China umgeht offenbar mit einem Trick das US-Verbot zum Export von Hochleistungsprozessoren in die Volksrepublik. Einer Auswertung von Hunderten Lieferunterlagen zufolge sollen zehn chinesische Firmen Server gekauft haben, die mit für Künstliche Intelligenz (KI) optimierten Spezialprozessoren der neuesten Generation des Weltmarktführers Nvidia ausgestattet waren.
Laut Recherchen der Nachrichtenagentur Reuters stammten die Rechner von US-Herstellern wie Super Micro Computer und Dell sowie vom taiwanesischen Anbieter Gigabyte. Bei den Käufern handelt es sich um bisher wenig bekannte Einzelhändler, die die Produkte den Papieren zufolge an chinesische Universitäten und Forschungseinrichtungen weitergereicht haben sollen. Noch ist allerdings unklar, ob die Geräte vor der Verschärfung der US-Beschränkungen im vergangenen November erworben wurden.
Die USA verbieten Nvidia und den Partnern des wertvollsten Chip-Herstellers der Welt den Verkauf von Hochleistungsprozessoren in die Volksrepublik. Dies gilt auch für Geschäfte über Dritte. In China selbst sind Kauf und Verkauf dieser Produkte dagegen legal.
Die genannten Server-Hersteller betonten, sich an geltende Gesetze zu halten, und kündigten interne Untersuchungen an. Keiner der chinesischen Käufer war für einen Kommentar zu erreichen.
„Verschwindend geringe Stückzahlen“
Nvidia teilte auf Anfrage mit, dass die in den Lieferunterlagen aufgeführten Produkte vor dem US-Embargo allgemein verfügbar gewesen seien. „Sie deuten nicht darauf hin, dass einer unserer Partner gegen die Ausfuhrkontrollvorschriften verstoßen hat.“ Außerdem handle es sich um verschwindend geringe Stückzahlen.
Die von Reuters geprüften öffentlich zugänglichen Unterlagen umfassen aber nur einen Bruchteil von Käufen staatlicher chinesischer Institutionen.

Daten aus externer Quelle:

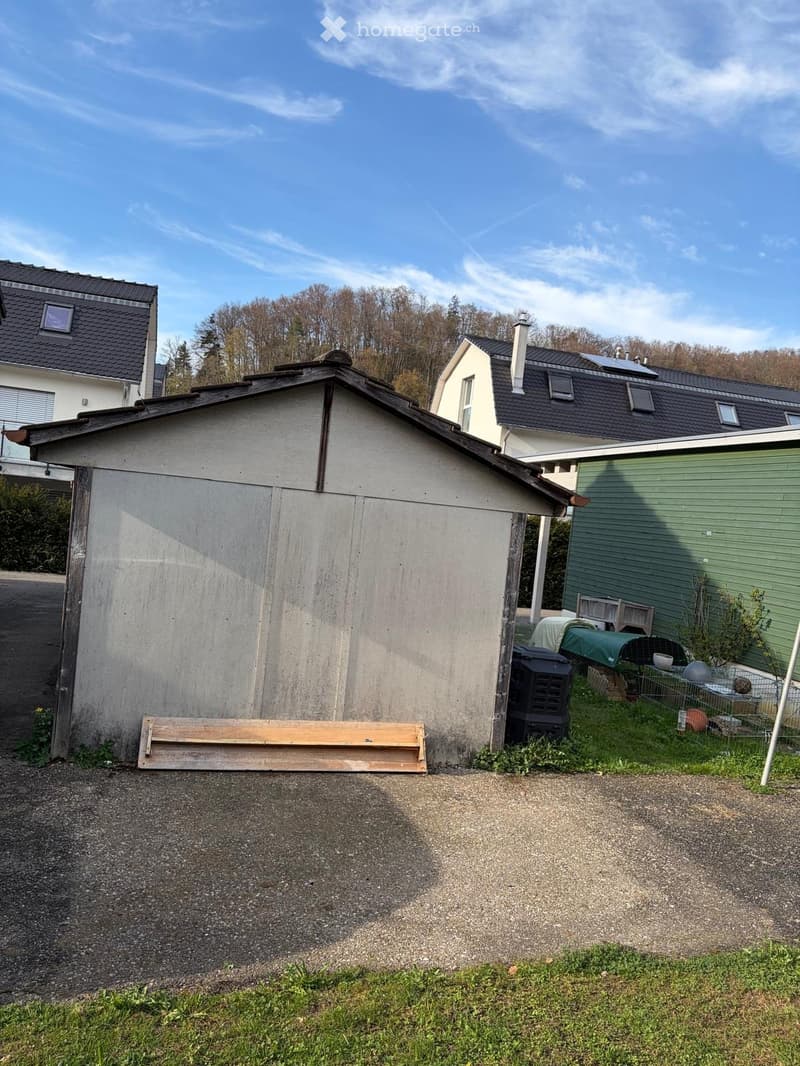 Garage in front of a house, with a wooden plank on the ground, a trash bin, and a small garden with plants and a fence.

Die identifizierten Lieferungen umfassten jeweils einige Server mit mehreren Dutzend Spezialchips. Branchenkennern zufolge sind sie dennoch für das KI-Training oder die Forschung nützlich.
Verkaufskanäle kaum zu kontrollieren
Nach Einschätzung von Daniel Gerkin, Partner der Anwaltskanzlei Kirkland & Ellis, könnten die Chips ohne Wissen der Hersteller nach China umgeleitet worden sein. Die Verkaufskanäle für die Produkte ließen sich kaum kontrollieren. Entsprechend schwierig sei es für die US-Regierung, ihr Verbot durchzusetzen.

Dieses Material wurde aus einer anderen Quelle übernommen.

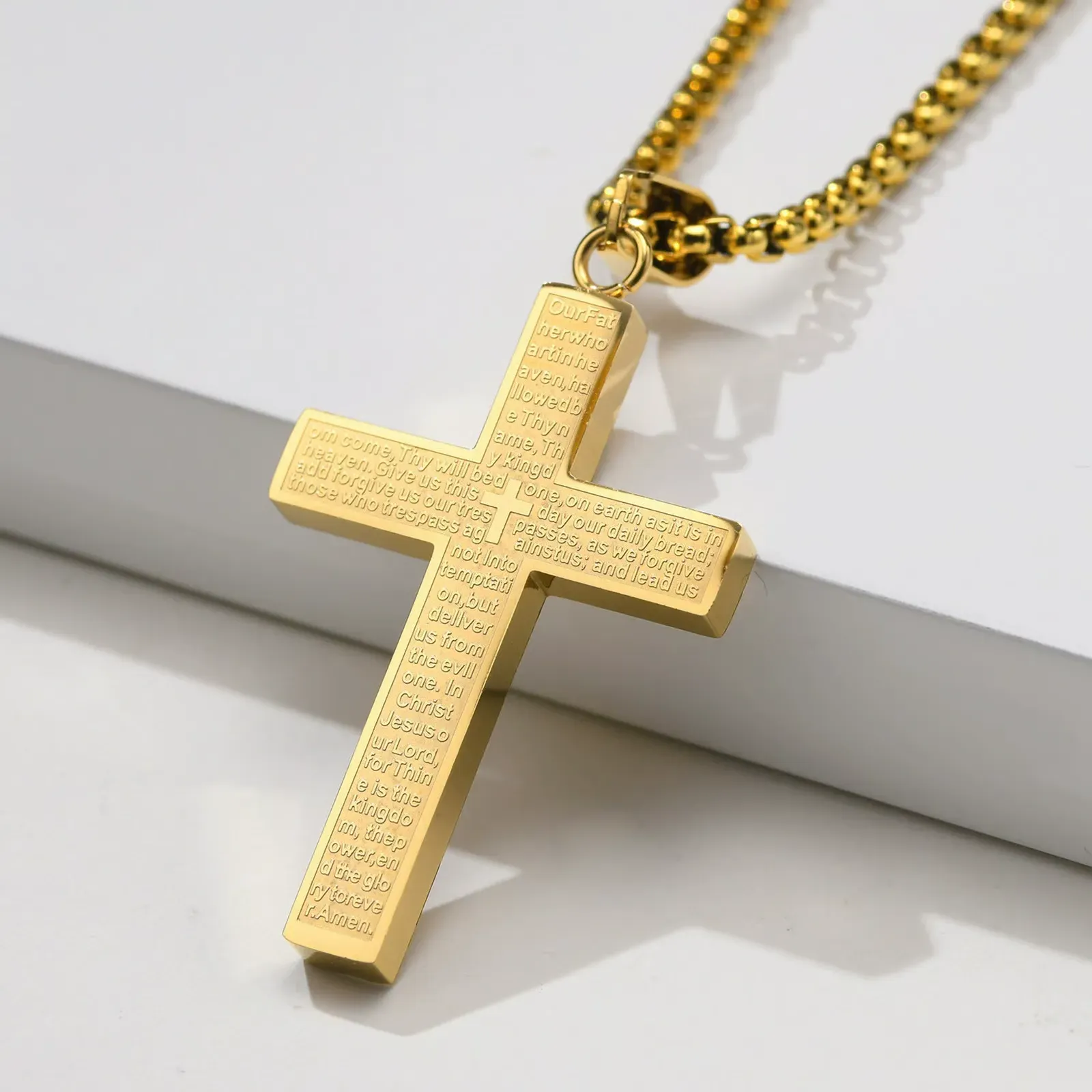 Necklace with a cross and the Lord's Prayer.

Das US-Handelsministerium wollte sich nicht zu eventuellen aktuellen Ermittlungen äußern. Es verwies aber darauf, dass es ein Auge darauf habe, ob Chips abgezweigt würden. Bei Verstößen gegen das Embargo drohen Strafen von mehreren hunderttausend Dollar und bis zu 20 Jahre Gefängnis.